__TRY IT__:
Within the listing that follows, reproduce exactly the lines starting at the line with "Cover With Tassels" and ending at the line with "Kubek Termiczny TERMOS", inclusive, and only those. Pictures are dropped.

------ RECORDS PROVIDED ------

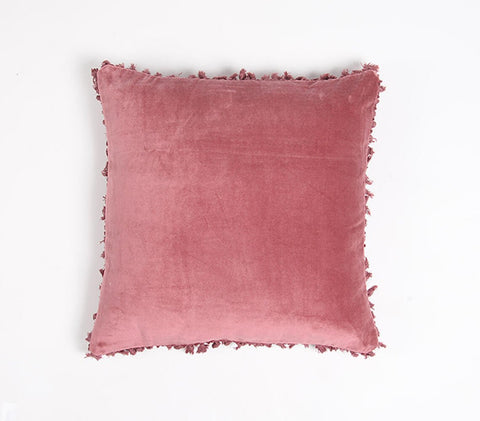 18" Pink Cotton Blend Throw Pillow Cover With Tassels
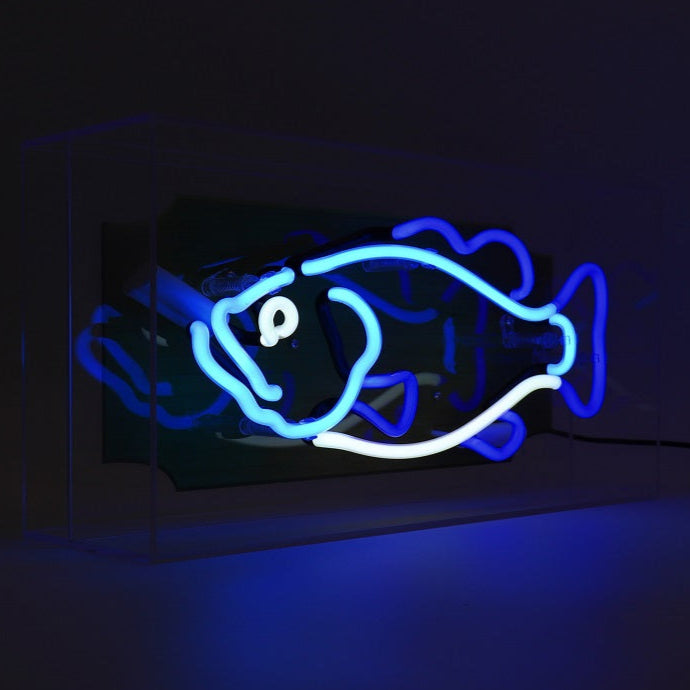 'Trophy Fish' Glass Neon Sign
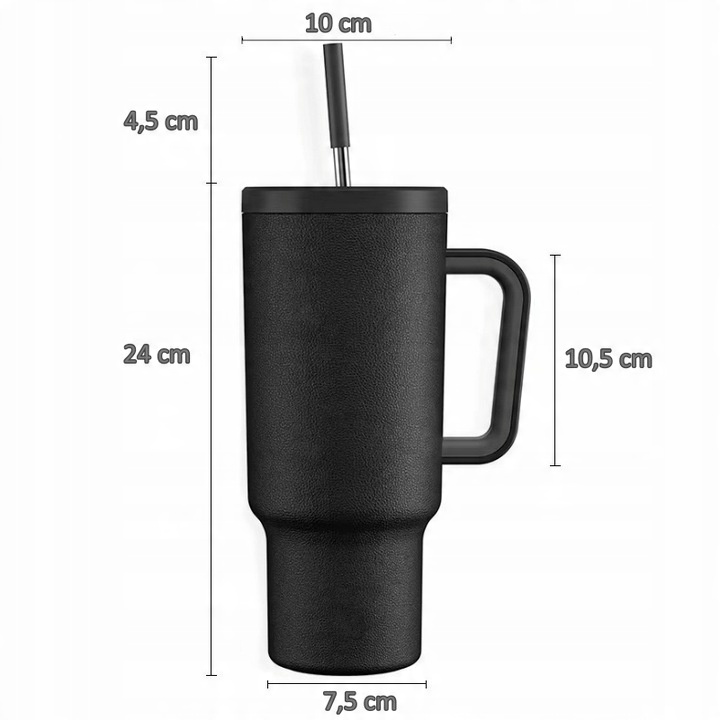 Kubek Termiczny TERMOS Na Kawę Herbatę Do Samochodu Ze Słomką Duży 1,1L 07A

------
------ RECORDS PROVIDED ------

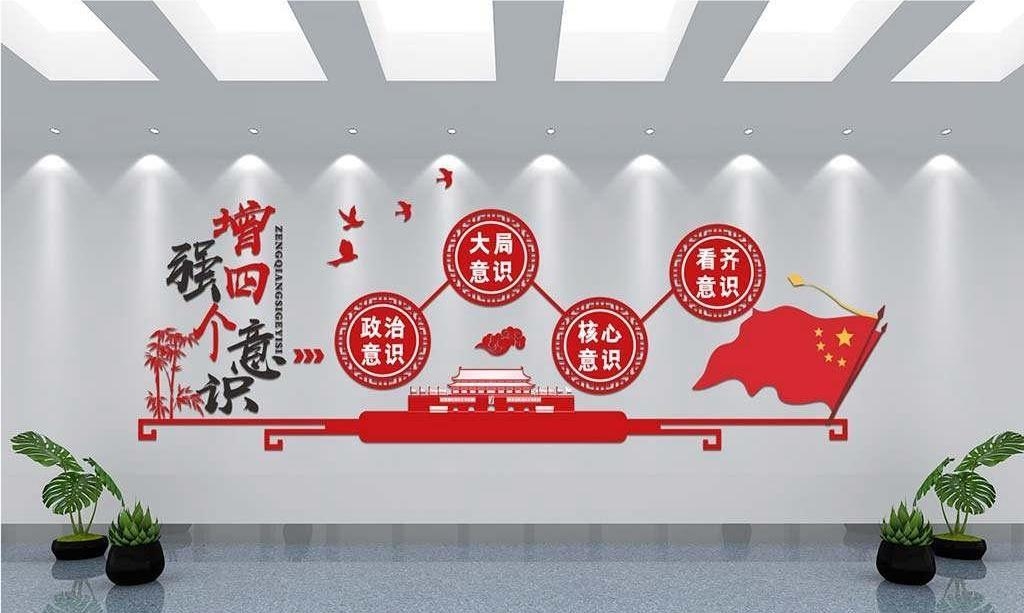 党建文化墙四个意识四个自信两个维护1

------
------ RECORDS PROVIDED ------

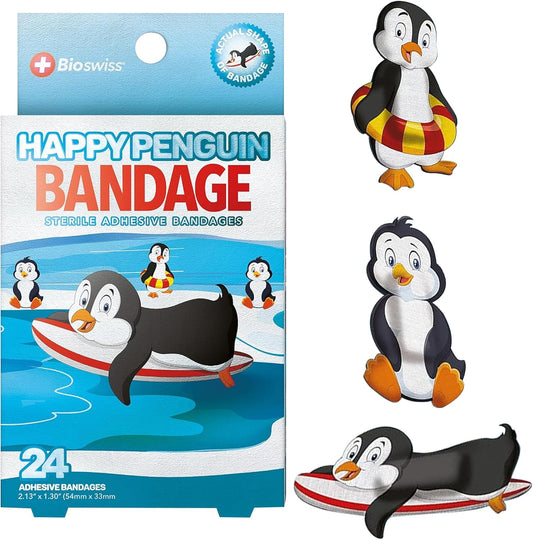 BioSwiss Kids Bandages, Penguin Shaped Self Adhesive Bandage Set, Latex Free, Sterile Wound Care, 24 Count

------

__EXERCISE OUTPUT__:
 18" Pink Cotton Blend Throw Pillow Cover With Tassels
 'Trophy Fish' Glass Neon Sign
 Kubek Termiczny TERMOS Na Kawę Herbatę Do Samochodu Ze Słomką Duży 1,1L 07A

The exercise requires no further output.